De vuelta al tanatorio: acompaño a mi padre, y un murmullo recorre la sala. Giro la cabeza: Stéphanie y Nathan entran. Ella lleva un costoso vestido negro, un enorme diamante en el dedo. Vienen a ofrecer sus condolencias. Stéphanie se vuelve hacia mí y, aprovechando la ausencia de Zachary que se ha alejado, suelta: «Quería que supieras lo bien que nos va. Nathan y yo acabamos de comprar una casa de verano en Cape Cod. Pronto un bebé. Pobrecita, todavía sola a los 38. Yo tengo al hombre, el dinero y la mansión».

El dolor hirvió y luego se extinguió. Seis años atrás, sus palabras me habrían devastado. Hoy, me parecen patéticas. Sonrío de verdad: «¿Ya conoces a mi marido?». Abro la puerta: «Zachary, ven a conocer a mi hermana». Zachary aparece, y Nathan se congela detrás de él, con el rostro lívido.

«Foster», dice Nathan con voz rota. «Reynolds», responde Zachary, glacial. «Siete años, ¿no? Desde que Macintosh compró Innotech en lugar de CompuServe». Nathan traga con dificultad. «¿Están… casados?». «Desde hace dos años», confirmo, apretando la mano de Zachary.

Al día siguiente, Stéphanie viene sola a casa de nuestros padres. En la cocina, solloza: «Siento mis palabras en el funeral. Mereces la verdad: soy infeliz. Desde el principio, de hecho. Nathan se ha vuelto posesivo, crítico. Su empresa se hunde en deudas. Nuestro matrimonio es solo una fachada». — ¿Por qué te quedas entonces? — La vergüenza —responde—. ¿Cómo admitir que destruí a nuestra familia por una ilusión? Y el acuerdo prenupcial… me iré sin nada. Revela que estaba considerando el divorcio. Compartimos recuerdos de nuestra madre. No era el perdón, todavía no, pero era un comienzo.
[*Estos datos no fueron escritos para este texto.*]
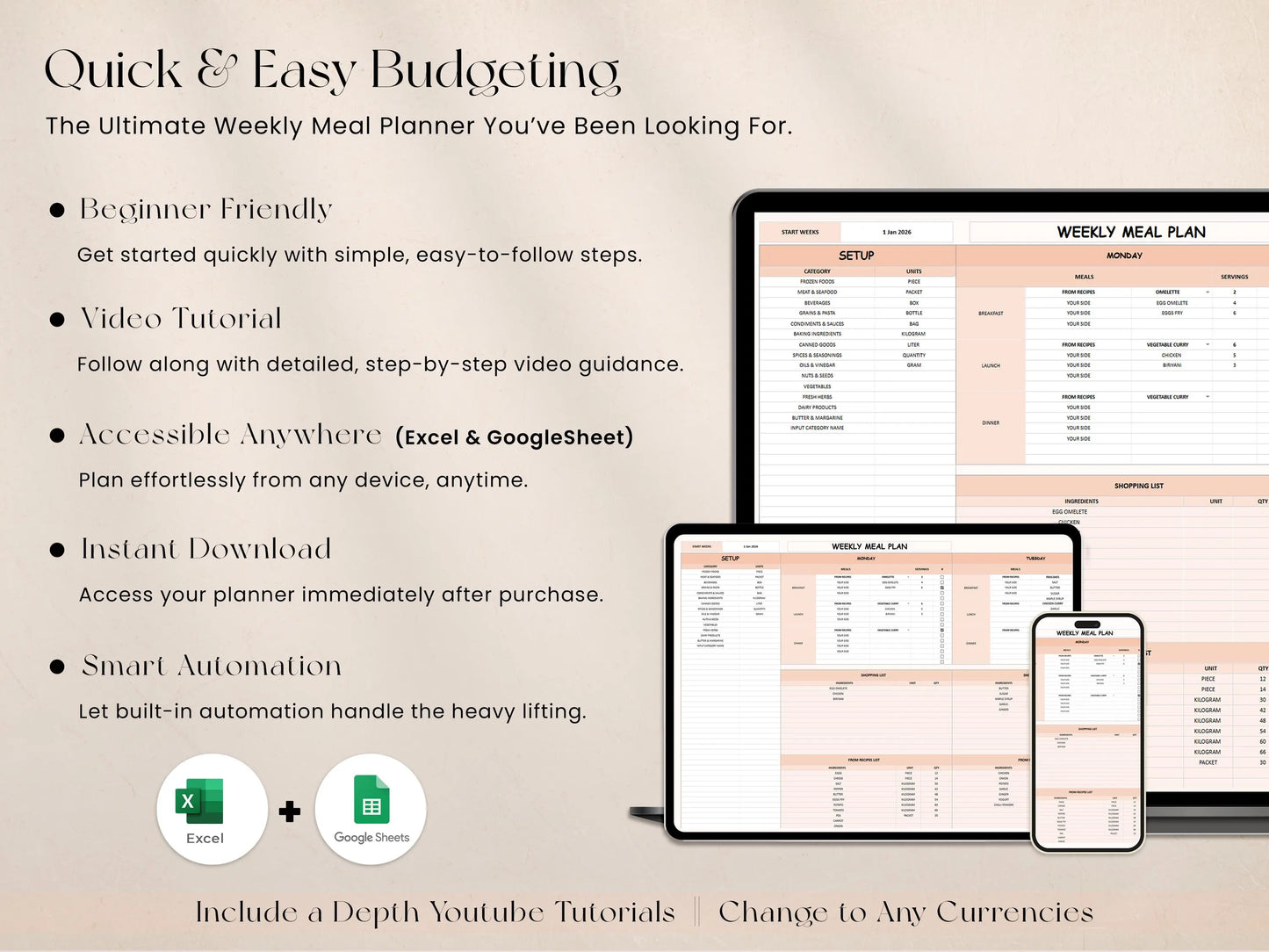 Digital Weekly Meal Planner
Seis meses después, en Chicago, descubro que estoy embarazada. Stéphanie ha iniciado su proceso de divorcio e intenta rehacer su vida. El camino inesperado que me trajo hasta aquí me ha permitido encontrar lo que realmente necesitaba: sabiduría, intención y un amor más verdadero del que jamás hubiera podido imaginar.